- Also known as: Drain
- Origin: Stockholm, Sweden
- Genres: Grunge; alternative metal; hard rock; nu metal;
- Years active: 1993–2000
- Labels: MVG; The Enclave; Mercury;
- Past members: Maria Sjöholm; Anna Kjellberg; Flavia Canel; Martina Axen;

= Drain STH =

Swedish rock band

Drain, known in North America as Drain STH (S.T.H. for Stockholm), was a Swedish rock band from Stockholm.

== Biography ==
=== Career (1993–2000) ===
Stockholm quartet Drain STH underwent many changes in both musical style and image. Guitarist Flavia Canel and drummer Martina Axén had been together in many acts starting with punk band Livin' Sacrifice (not to be confused with the thrash metal band Living Sacrifice). As this act progressed the sound developed into more of a hard rock vein.

Livin' Sacrifice evolved into Aphrodite with Axén, Canel, vocalist Malin Ekholm, guitarist Maria "Mia" Landberg, and bassist Marianne Hall. Aphrodite folded upon Ekholm's departure in 1990.

Axén, Canel and Anna K formed a new band called Ragdoll in 1991 that included vocalist Annie Gutå.

With Gutås's departure, Axén, Canel and Anna K joined forces with former Necro Nancy guitarist-turned-vocalist Maria Sjöholm (later wife of Black Sabbath guitarist Tony Iommi). They changed the name to Drain and signed a deal with MVG Records in 1994. For the American market the band was known as Drain STH. Live promotion in North America included second stage appearances at the Ozzfest event in 1997 and 1999, and tours with Type O Negative, Corrosion of Conformity, Machine Head, Megadeth, Godsmack and Black Sabbath among others. The 1999 album Freaks Of Nature would be noted for the inclusion of the track "Black", co-written by Iommi, along with two tracks — "Simon Says" and "Right Through You" — co-written by Max Martin.
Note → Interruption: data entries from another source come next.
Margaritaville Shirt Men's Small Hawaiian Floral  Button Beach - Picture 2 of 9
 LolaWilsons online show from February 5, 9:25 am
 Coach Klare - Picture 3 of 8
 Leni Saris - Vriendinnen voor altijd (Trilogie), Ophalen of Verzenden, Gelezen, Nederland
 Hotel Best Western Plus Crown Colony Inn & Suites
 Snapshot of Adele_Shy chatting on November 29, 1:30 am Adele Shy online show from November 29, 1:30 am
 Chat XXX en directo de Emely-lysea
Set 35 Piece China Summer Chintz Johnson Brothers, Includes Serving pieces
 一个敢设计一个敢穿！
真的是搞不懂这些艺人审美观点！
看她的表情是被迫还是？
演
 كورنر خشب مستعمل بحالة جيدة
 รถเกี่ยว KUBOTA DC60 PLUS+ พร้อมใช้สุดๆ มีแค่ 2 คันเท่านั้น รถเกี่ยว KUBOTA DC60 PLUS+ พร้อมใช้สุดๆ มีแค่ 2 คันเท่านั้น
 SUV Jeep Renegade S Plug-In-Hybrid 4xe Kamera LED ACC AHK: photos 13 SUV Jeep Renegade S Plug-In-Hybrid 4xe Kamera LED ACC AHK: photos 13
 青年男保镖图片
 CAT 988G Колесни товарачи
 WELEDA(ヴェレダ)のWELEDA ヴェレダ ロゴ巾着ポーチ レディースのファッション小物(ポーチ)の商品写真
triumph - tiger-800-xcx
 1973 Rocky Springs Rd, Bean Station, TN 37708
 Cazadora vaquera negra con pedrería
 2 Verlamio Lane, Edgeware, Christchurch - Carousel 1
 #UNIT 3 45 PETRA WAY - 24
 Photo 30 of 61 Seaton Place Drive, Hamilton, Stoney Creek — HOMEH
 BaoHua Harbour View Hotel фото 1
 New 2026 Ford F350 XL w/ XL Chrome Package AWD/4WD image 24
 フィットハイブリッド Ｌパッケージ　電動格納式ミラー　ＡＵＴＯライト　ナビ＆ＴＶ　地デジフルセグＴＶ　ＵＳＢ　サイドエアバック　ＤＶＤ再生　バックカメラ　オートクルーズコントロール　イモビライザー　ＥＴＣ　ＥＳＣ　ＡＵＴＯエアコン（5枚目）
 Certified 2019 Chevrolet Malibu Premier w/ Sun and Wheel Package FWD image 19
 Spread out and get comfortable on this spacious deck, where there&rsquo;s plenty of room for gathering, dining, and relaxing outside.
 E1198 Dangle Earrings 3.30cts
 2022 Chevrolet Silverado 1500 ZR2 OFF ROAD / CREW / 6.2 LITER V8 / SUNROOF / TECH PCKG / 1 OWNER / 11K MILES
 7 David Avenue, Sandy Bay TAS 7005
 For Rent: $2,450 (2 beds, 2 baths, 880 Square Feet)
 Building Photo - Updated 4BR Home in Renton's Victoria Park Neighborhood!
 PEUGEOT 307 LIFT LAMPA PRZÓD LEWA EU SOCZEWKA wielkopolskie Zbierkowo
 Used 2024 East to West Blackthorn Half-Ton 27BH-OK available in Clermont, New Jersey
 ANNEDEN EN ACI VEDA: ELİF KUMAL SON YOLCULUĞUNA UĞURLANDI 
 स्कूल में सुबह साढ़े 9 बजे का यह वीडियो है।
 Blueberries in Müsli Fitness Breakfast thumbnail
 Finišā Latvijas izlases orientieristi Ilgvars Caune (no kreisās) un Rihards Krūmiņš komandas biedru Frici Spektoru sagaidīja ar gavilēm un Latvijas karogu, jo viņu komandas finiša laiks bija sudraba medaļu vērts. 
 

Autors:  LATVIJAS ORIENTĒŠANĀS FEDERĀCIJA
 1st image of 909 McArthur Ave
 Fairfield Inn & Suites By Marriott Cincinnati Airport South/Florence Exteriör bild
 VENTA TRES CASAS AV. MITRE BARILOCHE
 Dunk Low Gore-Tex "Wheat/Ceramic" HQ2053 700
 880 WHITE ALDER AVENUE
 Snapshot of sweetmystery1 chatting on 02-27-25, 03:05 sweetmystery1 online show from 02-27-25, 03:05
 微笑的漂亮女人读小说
In Metal Edge magazine's 1999 Readers' Choice Awards, they were voted "Female Performers of the Year" and "Most Underrated Band". The single "Simon Says" was used as the entrance music for Extreme Championship Wrestling wrestler Simon Diamond. Despite heavy publicity, the band folded in 2000.

=== After Drain ===
Axén (switching to vocals) and Anna K created Superfix with guitarist China and drummer Sid from Sinisstar. Progress with this new unit was slow, a second demo and Los Angeles showcase gig being delivered in August 2002 with the project laid to rest soon after.

During 2001 Canel re-emerged, touting her new project, the Brooklyn-based Anotherday. In early 2002 Axén announced the formation of a side-project dubbed Dr. Fungus, with Coal Chamber bassist Nadja Peulen, Adema drummer Kris Kohls, and Unida guitarist Arthur Seay.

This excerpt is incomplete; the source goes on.